EXERCISE BRIEF
Write out the data below exactly, from its first line to the line containing "14K Rose Gold", that line included.

DATA FOR REVIEW
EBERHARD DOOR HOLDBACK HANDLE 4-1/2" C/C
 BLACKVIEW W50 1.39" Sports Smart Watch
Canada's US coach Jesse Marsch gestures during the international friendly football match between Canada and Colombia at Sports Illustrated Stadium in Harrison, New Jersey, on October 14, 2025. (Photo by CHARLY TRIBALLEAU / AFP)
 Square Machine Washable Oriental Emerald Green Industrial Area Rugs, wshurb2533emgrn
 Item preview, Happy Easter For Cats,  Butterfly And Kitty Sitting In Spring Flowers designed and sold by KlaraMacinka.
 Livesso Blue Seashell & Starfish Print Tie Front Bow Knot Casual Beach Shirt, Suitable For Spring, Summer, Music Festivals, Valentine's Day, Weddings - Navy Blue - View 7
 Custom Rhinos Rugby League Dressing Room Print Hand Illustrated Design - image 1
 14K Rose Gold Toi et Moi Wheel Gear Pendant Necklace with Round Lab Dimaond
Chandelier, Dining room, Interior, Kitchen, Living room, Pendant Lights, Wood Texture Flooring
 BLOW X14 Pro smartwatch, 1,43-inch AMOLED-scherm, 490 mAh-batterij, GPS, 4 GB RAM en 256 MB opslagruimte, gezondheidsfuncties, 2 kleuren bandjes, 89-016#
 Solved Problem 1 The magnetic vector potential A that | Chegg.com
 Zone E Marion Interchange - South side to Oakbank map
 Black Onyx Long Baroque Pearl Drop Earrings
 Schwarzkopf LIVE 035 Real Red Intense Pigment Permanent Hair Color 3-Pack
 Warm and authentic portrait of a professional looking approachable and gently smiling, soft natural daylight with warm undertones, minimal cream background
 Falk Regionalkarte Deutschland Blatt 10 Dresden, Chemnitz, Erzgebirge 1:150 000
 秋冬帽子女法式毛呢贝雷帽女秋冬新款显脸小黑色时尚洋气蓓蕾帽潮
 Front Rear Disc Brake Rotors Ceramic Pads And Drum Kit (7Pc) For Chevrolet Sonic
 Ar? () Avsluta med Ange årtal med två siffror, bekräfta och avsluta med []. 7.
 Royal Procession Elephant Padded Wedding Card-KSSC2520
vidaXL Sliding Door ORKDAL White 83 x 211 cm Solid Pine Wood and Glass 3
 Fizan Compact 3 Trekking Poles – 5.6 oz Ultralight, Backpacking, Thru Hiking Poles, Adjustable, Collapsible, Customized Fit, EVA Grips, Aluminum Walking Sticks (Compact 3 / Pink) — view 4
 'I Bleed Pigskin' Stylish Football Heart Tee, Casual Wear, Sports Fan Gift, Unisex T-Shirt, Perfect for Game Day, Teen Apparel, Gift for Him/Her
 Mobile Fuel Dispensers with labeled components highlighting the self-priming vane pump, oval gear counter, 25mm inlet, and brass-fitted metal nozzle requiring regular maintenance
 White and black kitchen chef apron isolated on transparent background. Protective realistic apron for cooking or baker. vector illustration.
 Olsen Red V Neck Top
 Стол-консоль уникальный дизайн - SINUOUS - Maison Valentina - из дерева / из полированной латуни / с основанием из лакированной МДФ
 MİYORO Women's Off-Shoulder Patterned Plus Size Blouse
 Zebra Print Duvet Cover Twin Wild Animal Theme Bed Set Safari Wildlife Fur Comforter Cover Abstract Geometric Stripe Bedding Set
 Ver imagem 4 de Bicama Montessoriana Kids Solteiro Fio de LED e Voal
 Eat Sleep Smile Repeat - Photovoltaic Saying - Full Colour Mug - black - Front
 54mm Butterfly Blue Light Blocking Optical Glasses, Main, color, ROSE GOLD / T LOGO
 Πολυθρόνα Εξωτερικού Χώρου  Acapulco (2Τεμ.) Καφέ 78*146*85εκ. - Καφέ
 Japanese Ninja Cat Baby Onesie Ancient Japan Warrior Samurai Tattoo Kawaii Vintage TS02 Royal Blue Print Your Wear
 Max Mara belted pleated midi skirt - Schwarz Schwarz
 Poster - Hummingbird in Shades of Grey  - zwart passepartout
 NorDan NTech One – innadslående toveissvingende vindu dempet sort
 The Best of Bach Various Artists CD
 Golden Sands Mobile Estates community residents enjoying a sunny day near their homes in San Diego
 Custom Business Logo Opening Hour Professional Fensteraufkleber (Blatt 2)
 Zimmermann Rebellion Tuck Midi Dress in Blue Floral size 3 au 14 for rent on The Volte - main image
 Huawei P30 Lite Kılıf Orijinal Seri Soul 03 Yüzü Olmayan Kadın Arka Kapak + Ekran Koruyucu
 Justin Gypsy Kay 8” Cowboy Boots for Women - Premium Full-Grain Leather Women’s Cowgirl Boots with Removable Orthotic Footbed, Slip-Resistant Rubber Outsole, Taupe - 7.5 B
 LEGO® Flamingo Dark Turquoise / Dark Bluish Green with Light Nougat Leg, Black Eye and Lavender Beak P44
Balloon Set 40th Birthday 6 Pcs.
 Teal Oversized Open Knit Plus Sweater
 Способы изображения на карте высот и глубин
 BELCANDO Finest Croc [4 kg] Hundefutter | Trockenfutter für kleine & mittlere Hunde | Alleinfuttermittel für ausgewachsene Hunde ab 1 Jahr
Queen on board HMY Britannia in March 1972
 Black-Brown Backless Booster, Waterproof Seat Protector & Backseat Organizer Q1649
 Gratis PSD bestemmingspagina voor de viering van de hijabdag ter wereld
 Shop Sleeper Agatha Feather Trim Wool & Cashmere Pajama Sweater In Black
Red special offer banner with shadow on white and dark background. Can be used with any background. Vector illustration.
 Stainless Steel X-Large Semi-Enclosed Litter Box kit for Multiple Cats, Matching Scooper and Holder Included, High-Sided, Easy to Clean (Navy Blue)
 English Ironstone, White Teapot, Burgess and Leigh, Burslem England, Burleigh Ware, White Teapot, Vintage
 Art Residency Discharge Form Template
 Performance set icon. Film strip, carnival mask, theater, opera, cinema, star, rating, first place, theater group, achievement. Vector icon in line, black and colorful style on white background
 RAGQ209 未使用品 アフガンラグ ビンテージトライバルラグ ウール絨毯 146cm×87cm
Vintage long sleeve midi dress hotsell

SOLUTION
EBERHARD DOOR HOLDBACK HANDLE 4-1/2" C/C
 BLACKVIEW W50 1.39" Sports Smart Watch
Canada's US coach Jesse Marsch gestures during the international friendly football match between Canada and Colombia at Sports Illustrated Stadium in Harrison, New Jersey, on October 14, 2025. (Photo by CHARLY TRIBALLEAU / AFP)
 Square Machine Washable Oriental Emerald Green Industrial Area Rugs, wshurb2533emgrn
 Item preview, Happy Easter For Cats,  Butterfly And Kitty Sitting In Spring Flowers designed and sold by KlaraMacinka.
 Livesso Blue Seashell & Starfish Print Tie Front Bow Knot Casual Beach Shirt, Suitable For Spring, Summer, Music Festivals, Valentine's Day, Weddings - Navy Blue - View 7
 Custom Rhinos Rugby League Dressing Room Print Hand Illustrated Design - image 1
 14K Rose Gold Toi et Moi Wheel Gear Pendant Necklace with Round Lab Dimaond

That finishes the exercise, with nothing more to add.